Each line below from the one containing "Alderney, MiNr. 717-722, postfrisch - 218455" through the one containing "Demon Slayer x Crocs Echo Clog Giyu" should be output exactly as it stands, and no other line should appear.

***

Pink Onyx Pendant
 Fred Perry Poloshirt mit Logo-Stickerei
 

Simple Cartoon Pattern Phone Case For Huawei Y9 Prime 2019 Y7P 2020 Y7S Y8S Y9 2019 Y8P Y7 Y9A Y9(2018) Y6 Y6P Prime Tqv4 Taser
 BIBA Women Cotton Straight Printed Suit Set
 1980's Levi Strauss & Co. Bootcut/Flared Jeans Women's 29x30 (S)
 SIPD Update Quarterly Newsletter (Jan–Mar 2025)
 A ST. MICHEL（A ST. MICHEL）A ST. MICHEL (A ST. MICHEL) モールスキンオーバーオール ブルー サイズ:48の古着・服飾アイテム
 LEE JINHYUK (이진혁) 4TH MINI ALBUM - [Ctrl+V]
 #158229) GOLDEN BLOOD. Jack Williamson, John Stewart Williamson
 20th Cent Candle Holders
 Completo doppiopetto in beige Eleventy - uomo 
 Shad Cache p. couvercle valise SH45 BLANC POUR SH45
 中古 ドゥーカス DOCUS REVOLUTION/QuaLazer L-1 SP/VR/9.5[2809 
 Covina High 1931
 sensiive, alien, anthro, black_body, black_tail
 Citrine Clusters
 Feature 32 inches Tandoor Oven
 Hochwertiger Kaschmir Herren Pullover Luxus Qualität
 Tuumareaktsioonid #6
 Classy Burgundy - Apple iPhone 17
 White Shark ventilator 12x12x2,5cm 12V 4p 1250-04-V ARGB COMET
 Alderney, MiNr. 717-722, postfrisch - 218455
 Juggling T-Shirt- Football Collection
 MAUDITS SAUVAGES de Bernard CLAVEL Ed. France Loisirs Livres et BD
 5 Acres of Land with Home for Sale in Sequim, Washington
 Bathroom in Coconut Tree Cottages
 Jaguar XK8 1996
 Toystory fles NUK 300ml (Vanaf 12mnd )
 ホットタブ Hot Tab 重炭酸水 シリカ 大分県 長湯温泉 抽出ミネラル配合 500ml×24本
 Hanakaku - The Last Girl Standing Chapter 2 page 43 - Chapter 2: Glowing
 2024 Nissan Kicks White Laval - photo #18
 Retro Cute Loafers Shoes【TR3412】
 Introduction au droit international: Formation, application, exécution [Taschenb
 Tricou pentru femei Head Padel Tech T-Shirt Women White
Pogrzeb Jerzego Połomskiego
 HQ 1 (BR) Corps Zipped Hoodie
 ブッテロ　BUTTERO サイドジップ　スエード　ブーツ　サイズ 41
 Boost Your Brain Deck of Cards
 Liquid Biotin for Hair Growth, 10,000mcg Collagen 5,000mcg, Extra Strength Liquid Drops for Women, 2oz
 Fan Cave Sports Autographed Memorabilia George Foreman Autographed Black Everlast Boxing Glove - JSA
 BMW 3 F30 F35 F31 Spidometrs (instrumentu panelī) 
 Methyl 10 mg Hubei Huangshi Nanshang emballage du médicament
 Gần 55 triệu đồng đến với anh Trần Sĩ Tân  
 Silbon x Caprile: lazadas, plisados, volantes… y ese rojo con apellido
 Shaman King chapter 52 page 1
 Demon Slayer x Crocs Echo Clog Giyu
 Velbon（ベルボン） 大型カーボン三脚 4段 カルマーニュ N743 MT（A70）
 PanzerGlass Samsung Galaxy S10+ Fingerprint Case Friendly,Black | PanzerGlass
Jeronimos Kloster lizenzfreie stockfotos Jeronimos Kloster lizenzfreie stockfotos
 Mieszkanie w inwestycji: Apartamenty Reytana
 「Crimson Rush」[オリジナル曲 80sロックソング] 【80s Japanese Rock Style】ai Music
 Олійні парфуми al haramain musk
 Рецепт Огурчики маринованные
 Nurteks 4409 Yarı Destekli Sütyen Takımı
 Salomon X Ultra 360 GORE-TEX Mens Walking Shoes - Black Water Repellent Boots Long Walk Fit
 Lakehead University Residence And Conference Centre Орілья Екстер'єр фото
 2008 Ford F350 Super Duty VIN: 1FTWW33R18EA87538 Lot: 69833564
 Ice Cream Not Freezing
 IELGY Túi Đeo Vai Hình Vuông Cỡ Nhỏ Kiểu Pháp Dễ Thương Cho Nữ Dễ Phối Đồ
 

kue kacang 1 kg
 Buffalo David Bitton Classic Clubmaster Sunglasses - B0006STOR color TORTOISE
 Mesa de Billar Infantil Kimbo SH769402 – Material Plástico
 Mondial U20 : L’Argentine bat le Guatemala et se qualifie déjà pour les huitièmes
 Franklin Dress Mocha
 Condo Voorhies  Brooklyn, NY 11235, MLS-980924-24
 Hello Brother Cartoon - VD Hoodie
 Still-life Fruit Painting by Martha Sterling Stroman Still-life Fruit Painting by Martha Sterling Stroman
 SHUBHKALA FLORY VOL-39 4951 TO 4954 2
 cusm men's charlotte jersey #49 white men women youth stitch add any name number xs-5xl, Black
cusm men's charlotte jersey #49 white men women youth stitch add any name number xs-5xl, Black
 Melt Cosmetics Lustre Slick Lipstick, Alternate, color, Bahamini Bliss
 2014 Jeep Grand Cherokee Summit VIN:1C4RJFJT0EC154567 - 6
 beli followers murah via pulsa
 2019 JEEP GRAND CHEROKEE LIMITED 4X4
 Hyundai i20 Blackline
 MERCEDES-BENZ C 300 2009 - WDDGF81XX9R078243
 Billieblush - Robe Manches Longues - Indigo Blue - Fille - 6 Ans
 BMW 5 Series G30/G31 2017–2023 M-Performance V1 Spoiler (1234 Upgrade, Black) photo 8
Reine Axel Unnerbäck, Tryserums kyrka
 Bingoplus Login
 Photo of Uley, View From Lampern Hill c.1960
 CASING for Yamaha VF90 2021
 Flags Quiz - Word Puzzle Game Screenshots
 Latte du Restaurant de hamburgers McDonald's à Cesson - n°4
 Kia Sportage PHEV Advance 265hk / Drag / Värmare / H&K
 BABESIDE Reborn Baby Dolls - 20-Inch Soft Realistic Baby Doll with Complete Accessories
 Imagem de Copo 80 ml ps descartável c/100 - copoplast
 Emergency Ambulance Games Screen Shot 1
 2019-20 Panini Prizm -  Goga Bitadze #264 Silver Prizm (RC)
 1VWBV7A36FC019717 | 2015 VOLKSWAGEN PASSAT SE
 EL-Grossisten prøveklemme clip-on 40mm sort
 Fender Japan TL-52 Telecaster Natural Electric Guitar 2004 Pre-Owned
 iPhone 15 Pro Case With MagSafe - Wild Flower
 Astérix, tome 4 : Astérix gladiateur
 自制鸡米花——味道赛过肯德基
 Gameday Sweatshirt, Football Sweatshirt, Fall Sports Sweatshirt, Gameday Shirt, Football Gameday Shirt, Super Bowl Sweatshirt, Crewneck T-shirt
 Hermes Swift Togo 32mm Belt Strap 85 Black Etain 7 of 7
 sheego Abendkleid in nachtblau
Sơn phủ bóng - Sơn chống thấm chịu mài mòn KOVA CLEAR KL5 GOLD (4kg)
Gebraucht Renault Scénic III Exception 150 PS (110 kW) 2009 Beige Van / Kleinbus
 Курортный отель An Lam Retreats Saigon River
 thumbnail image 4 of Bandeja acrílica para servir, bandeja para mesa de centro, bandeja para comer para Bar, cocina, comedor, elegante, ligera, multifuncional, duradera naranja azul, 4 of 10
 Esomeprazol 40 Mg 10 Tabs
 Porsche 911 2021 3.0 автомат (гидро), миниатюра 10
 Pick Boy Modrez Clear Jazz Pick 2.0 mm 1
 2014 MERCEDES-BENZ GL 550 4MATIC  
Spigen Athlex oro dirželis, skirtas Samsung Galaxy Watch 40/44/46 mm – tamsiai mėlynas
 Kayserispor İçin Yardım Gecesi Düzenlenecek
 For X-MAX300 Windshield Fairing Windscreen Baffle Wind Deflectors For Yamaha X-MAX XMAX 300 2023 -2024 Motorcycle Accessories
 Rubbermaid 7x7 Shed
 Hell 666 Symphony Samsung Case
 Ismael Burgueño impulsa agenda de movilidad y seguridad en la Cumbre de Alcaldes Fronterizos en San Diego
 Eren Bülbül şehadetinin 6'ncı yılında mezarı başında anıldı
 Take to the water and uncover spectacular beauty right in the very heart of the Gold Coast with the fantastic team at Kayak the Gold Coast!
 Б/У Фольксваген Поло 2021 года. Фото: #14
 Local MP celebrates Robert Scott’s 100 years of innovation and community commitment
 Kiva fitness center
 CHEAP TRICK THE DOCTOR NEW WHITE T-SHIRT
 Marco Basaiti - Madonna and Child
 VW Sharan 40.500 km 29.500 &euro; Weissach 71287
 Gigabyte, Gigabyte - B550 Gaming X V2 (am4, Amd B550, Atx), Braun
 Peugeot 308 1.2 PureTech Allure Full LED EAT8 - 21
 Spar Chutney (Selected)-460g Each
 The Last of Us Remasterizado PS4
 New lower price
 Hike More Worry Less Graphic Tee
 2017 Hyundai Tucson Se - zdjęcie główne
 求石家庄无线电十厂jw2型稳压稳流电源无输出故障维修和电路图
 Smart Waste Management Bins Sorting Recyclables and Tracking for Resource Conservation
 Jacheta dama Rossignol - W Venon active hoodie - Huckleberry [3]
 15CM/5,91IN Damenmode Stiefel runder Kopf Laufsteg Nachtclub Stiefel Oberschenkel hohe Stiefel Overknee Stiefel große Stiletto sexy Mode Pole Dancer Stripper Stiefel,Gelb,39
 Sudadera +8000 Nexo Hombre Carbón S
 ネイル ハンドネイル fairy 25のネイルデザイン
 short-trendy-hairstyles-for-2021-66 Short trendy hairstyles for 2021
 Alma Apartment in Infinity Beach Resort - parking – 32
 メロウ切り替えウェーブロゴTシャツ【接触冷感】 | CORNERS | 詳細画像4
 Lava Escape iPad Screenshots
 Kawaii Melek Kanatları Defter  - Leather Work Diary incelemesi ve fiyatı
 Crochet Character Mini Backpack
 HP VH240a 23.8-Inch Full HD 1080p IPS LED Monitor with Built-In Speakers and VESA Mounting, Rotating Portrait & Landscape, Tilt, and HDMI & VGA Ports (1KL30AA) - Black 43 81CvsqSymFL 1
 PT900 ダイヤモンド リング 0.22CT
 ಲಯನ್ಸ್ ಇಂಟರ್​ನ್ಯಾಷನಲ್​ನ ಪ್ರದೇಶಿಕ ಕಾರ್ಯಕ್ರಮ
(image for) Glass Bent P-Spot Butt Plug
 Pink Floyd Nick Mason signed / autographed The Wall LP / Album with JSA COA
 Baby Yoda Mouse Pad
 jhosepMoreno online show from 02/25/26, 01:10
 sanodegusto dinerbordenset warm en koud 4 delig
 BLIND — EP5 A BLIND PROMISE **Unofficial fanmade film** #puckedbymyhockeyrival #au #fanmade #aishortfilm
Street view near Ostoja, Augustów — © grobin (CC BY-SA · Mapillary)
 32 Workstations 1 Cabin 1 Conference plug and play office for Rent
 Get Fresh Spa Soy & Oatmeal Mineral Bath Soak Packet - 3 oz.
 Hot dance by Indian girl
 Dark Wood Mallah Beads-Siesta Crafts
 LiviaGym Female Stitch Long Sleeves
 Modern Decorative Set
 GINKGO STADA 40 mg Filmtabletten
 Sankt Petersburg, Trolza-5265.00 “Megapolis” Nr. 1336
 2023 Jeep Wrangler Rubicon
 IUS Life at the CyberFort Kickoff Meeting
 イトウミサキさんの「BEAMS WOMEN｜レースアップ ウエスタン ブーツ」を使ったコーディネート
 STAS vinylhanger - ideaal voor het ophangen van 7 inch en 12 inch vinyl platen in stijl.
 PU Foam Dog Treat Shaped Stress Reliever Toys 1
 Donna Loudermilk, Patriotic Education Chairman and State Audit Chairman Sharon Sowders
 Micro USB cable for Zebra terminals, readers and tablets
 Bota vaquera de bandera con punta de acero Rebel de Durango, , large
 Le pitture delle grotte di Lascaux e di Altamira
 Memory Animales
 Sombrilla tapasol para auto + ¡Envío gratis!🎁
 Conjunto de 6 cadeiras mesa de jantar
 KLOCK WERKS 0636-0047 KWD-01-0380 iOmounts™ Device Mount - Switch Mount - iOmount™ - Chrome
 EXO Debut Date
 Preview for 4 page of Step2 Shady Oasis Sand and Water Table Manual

***

**Output for this task**:
 Alderney, MiNr. 717-722, postfrisch - 218455
 Juggling T-Shirt- Football Collection
 MAUDITS SAUVAGES de Bernard CLAVEL Ed. France Loisirs Livres et BD
 5 Acres of Land with Home for Sale in Sequim, Washington
 Bathroom in Coconut Tree Cottages
 Jaguar XK8 1996
 Toystory fles NUK 300ml (Vanaf 12mnd )
 ホットタブ Hot Tab 重炭酸水 シリカ 大分県 長湯温泉 抽出ミネラル配合 500ml×24本
 Hanakaku - The Last Girl Standing Chapter 2 page 43 - Chapter 2: Glowing
 2024 Nissan Kicks White Laval - photo #18
 Retro Cute Loafers Shoes【TR3412】
 Introduction au droit international: Formation, application, exécution [Taschenb
 Tricou pentru femei Head Padel Tech T-Shirt Women White
Pogrzeb Jerzego Połomskiego
 HQ 1 (BR) Corps Zipped Hoodie
 ブッテロ　BUTTERO サイドジップ　スエード　ブーツ　サイズ 41
 Boost Your Brain Deck of Cards
 Liquid Biotin for Hair Growth, 10,000mcg Collagen 5,000mcg, Extra Strength Liquid Drops for Women, 2oz
 Fan Cave Sports Autographed Memorabilia George Foreman Autographed Black Everlast Boxing Glove - JSA
 BMW 3 F30 F35 F31 Spidometrs (instrumentu panelī) 
 Methyl 10 mg Hubei Huangshi Nanshang emballage du médicament
 Gần 55 triệu đồng đến với anh Trần Sĩ Tân  
 Silbon x Caprile: lazadas, plisados, volantes… y ese rojo con apellido
 Shaman King chapter 52 page 1
 Demon Slayer x Crocs Echo Clog Giyu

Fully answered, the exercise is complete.